The great joy of traveling to Iran doesn't lie just in the country's ancient sites, snowy peaks or lively cities, but in the warmth and generosity of the people. Though Tehran may be the country's cosmopolitan capital, if you want a sense of Iran's human soul, head to the city of Isfahan at the foot of the Zagros Mountains. Home to some of the Islamic world's finest architecture, Isfahan is a living, breathing work of art and a must for first-time visitors to the country.
The city's star attraction is Imam Square. One of the largest in the world, it was originally built as a polo ground for Shah Abbas the Great, a charismatic tyrant who initiated Isfahan's Golden Age in the 16th century with his patronage of the arts. The south side of the square is dominated by the huge Imam Mosque complex, but it's the smaller Sheikh Lotfollah Mosque with its intricately patterned dome that awes visitors into silence. Look up and you may see a shimmering peacock in the center a visual effect created by sunlight hitting the blue, white, turquoise and yellow tiles.
Imam Square is also where you'll find Isfahan's bazaar. Save your rials for miniature paintings, decorative tiles and if you're feeling flush a rug or two. When retail overload hits, head deep into the market and get a table at the delightfully clandestine Azadeghan teahouse for a pot of brew and a plate of sweets.

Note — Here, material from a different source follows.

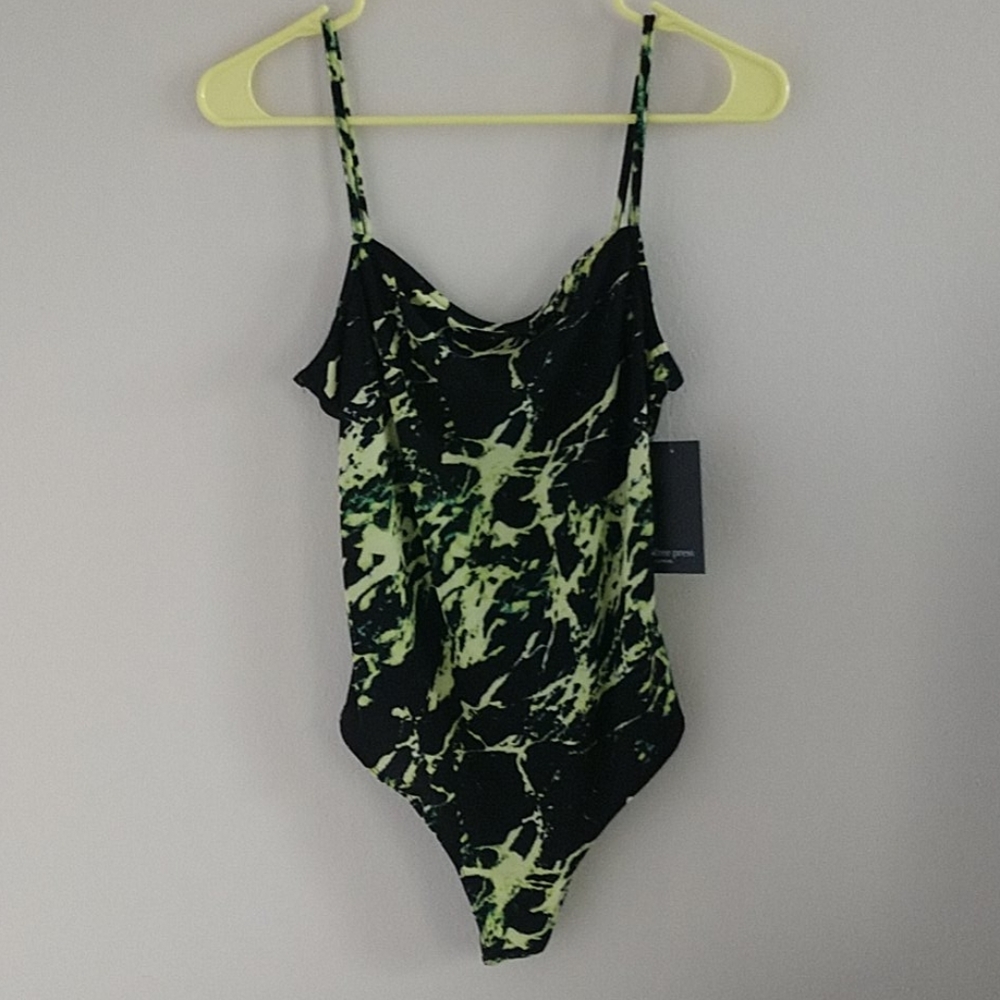 Trippy Bodysuit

Try the nabat (saffron rock candy) or the Moorish zulbia (twirly, deep-fried dough in syrup).
To experience a uniquely Persian tradition, head over to a Zurkaneh (or House of Strength) and watch a team of men, accompanied by a drummer and singer, perform an ancient sporting ritual that combines wrestling, aerobics, juggling and Sufi whirling.

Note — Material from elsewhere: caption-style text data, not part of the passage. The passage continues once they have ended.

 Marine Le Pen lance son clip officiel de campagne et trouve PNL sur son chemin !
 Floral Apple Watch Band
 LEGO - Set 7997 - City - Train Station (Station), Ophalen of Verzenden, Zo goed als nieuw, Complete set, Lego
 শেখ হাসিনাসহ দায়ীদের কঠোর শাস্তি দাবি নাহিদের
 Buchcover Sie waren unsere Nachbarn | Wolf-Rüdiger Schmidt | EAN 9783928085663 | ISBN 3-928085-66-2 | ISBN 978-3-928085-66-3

At dusk, follow the locals down to the Zayandeh River, with its exquisite arched bridges and discreetly entwined couples. A hop, skip and jump away is the Abbasi Hotel, housed in a former caravanserai. With its restaurants, fitness complex and teahouse plus a courtyard styled like a traditional Persian garden it's no wonder the city's beau monde flocks here after dark. Eager to rub shoulders with the all-too-rare tourists in their midst, they'll guarantee you leave Isfahan vowing to return.